Si, la Mauritanie comme les autres états africains souffre de certains maux c’est bien à cause du blocage et/ou du retard accusé dans la transformation des mentalités et, dans la foulée, de l’inhibition de la transition démographique et du développement culturel.

Une telle inhibition participe de l’explication de la prolifération de la misère, des promiscuités, de la pauvreté de masse, de l’ignorance et du garrotage des forces productives. Jamais, un pays ne s’est développé sans résoudre cette question centrale. Avec les niveaux éducatifs et culturels, elle détermine la vraie trajectoire de l’évolution de toute société. Elle exprime et contingente les mutations et les transformations qualitatives structurantes comme socle de l’évolution des consciences et des mentalités et, in fine, de la modernité.
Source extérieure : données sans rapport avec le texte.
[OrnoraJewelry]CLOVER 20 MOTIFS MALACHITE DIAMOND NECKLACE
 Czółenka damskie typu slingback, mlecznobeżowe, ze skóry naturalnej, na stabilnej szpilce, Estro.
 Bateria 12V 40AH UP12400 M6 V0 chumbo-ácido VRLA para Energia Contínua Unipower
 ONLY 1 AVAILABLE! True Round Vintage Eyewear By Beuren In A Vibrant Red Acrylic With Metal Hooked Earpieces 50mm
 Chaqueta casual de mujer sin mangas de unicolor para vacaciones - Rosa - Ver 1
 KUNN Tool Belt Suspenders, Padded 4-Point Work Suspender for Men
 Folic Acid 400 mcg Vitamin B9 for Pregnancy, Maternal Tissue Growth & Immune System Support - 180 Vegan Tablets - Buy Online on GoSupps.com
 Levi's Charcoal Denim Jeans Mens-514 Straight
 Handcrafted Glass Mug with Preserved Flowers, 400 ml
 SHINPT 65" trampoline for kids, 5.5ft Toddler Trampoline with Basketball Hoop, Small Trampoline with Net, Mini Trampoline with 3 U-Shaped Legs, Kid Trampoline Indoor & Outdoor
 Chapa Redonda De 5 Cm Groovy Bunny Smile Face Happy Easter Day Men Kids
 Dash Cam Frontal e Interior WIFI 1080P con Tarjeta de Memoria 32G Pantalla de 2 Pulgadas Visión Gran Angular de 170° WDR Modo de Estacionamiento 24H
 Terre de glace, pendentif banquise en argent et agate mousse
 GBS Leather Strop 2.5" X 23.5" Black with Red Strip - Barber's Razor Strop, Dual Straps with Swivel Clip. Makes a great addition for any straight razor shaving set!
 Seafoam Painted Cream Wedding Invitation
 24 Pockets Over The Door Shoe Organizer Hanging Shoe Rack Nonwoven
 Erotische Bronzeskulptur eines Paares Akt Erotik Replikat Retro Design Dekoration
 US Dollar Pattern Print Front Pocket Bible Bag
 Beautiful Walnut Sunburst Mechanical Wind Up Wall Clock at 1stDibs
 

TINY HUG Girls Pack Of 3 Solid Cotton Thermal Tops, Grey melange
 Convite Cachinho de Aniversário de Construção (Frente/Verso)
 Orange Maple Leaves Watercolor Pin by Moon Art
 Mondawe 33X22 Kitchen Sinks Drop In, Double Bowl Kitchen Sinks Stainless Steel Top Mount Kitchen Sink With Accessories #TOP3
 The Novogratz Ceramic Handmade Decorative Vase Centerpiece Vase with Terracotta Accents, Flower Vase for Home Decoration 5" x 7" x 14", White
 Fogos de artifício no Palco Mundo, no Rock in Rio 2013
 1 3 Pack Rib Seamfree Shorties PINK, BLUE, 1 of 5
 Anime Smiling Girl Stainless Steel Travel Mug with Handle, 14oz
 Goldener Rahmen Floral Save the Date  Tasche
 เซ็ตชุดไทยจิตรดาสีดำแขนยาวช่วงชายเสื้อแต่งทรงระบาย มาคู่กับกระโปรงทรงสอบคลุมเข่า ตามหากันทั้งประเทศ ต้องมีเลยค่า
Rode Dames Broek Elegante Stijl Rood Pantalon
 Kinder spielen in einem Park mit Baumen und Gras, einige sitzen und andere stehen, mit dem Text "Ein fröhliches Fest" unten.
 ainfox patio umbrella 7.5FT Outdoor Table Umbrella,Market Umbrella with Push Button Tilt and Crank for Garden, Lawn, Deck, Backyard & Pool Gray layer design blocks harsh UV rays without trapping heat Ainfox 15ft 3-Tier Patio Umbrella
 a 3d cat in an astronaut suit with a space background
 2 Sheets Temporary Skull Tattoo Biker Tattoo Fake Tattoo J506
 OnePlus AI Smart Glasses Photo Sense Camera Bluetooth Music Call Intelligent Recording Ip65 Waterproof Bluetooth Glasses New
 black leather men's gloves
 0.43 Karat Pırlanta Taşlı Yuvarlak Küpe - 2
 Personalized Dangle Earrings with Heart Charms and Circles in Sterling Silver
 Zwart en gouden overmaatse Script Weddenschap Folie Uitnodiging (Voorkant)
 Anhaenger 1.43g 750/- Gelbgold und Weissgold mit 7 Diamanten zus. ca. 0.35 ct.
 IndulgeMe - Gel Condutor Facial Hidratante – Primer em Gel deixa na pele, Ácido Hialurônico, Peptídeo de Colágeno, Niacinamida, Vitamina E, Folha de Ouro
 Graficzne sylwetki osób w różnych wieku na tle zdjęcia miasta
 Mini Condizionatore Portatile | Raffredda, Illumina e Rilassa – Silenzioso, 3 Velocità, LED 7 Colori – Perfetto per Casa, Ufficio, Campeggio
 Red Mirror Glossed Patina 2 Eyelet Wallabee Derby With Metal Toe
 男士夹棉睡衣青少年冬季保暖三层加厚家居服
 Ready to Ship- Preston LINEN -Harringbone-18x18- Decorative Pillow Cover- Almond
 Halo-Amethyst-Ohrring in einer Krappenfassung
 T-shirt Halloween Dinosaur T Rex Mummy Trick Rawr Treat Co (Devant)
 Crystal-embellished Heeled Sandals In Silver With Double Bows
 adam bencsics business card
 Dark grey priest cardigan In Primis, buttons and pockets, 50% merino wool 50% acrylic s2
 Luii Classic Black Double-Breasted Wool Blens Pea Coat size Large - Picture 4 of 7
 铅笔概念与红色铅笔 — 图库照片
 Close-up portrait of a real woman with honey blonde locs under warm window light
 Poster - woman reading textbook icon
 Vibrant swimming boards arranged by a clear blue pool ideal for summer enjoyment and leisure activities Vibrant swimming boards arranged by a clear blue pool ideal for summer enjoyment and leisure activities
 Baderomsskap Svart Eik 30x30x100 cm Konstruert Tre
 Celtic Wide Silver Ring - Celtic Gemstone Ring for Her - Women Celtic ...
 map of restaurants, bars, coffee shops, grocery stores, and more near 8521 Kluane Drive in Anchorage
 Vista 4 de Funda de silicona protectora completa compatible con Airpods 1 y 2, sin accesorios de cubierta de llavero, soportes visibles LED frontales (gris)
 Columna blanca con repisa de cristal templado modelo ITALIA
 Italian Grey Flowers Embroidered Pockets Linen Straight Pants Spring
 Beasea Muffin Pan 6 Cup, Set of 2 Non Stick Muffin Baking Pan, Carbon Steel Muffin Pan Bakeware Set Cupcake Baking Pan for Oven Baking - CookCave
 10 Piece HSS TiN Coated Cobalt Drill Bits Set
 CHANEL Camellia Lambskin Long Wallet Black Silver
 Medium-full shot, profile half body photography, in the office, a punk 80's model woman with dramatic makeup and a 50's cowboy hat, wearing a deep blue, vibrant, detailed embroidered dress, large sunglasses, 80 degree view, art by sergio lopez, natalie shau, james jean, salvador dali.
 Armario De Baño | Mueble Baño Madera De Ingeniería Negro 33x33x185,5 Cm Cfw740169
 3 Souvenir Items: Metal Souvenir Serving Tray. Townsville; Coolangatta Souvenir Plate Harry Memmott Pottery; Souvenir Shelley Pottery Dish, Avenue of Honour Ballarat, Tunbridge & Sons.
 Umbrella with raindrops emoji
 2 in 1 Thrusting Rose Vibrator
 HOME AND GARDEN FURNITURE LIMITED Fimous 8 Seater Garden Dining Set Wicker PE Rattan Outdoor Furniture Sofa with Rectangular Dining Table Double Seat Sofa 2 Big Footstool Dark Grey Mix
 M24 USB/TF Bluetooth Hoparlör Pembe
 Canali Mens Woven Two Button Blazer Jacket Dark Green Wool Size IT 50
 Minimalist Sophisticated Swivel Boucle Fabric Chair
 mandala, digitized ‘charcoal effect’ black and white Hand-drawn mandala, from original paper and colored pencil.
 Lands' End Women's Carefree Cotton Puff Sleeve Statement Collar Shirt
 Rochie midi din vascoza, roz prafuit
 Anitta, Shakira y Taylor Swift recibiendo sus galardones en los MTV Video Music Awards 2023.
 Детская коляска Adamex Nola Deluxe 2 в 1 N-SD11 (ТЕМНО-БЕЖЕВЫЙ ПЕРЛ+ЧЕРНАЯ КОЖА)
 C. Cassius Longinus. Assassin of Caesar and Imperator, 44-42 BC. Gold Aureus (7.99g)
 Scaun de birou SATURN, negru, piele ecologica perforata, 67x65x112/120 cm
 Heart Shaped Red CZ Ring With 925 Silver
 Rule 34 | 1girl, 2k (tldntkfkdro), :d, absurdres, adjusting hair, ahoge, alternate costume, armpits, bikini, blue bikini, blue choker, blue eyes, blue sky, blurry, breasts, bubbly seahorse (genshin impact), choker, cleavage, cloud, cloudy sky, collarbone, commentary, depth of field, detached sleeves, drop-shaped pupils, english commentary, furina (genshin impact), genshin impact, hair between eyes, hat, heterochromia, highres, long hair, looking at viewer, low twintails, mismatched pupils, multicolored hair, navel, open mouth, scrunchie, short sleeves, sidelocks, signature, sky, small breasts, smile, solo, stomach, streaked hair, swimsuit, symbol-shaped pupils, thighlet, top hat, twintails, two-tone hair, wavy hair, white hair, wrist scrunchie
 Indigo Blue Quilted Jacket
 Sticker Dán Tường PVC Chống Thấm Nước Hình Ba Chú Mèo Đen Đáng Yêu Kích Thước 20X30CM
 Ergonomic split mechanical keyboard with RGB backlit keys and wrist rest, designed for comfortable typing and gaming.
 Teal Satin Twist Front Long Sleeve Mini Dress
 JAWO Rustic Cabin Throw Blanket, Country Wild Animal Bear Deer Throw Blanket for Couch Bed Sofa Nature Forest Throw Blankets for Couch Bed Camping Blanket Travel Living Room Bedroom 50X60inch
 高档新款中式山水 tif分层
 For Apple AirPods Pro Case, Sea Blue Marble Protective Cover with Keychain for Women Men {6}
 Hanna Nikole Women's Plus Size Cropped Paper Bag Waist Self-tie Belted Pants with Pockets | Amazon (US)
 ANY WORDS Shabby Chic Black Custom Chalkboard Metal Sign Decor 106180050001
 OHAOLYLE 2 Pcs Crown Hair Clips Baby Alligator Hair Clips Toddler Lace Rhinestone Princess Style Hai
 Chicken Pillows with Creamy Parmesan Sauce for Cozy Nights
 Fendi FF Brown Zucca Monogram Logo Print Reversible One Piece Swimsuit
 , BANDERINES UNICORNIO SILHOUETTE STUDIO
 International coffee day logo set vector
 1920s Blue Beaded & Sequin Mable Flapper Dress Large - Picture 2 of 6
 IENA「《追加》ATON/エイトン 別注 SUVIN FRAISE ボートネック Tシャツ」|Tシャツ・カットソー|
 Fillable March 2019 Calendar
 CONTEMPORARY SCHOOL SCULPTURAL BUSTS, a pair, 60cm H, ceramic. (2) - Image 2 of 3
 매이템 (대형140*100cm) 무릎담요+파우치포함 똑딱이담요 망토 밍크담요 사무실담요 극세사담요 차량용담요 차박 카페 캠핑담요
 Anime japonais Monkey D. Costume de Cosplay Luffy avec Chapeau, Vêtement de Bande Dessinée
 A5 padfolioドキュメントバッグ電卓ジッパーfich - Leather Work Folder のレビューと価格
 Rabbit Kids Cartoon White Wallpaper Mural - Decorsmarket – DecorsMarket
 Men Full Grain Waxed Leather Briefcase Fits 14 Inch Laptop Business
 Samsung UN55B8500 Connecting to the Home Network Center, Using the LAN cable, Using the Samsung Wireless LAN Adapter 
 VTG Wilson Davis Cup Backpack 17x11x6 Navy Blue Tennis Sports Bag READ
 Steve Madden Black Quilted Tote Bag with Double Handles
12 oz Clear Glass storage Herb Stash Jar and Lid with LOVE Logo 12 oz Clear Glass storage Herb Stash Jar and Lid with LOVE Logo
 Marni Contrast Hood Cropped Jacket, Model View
Emmanuel TODD écrit « L’alphabétisation et la maîtrise de la fécondité apparaissent bien aujourd’hui comme des universels humains ».

Un leitmotiv : améliorer les conditions de vie

Donner tout son poids à ces variables qualitatives revient à reconnaitre ce que soutenait, avec prégnance, René DUMONT, à savoir que le développement est moins une question de ressources financières qu’un problème de rapport entre les personnes humaines et avec leur environnement. Il renvoie, à plusieurs choses à la fois, la maîtrise de son environnement, le taux de fécondité, l’éducation, les relations entre les sexes. En réfléchissant sur cette problématique, on ne saurait passer sous silence la loi du Révérend Thomas Malthus et aux enseignements de l’anthropologie sociale et culturelle moderne.

Que disait Thomas MALTHUS ? Il disait, très simplement, que les progrès techniques ne sauraient garantir, à eux seuls, une amélioration des conditions de vie dans la mesure où l’absence de contrainte pousse à une croissance démographique exponentielle et donc, à plus de personnes, à nourrir. Ce croît démographique s’est fracassé, tout au long de la longue odyssée humaine, sur l’impossibilité de retrouver de nouvelles terres, de nouvelles ressources frappées de dégradation et de finitude. D’où, au final, la misère et la faim. C’est un enseignement instructif de l’histoire des sociétés humaines, de toutes les sociétés humaines.

C’est surtout l’une des lois fondatrices de l’économie moderne. Elle explique, à travers la loi des rendements décroissants, l’émergence de la rente foncière et la liaison entre aristocratie et richesse. Faut-il en conclure que notre pays et l’Afrique de même que l’espèce humaine soient vouées à la faim, à la misère et à la pauvreté ? Bien sûr que non. La révolution néolithique précitée et la révolution industrielle sont là pour prouver le contraire.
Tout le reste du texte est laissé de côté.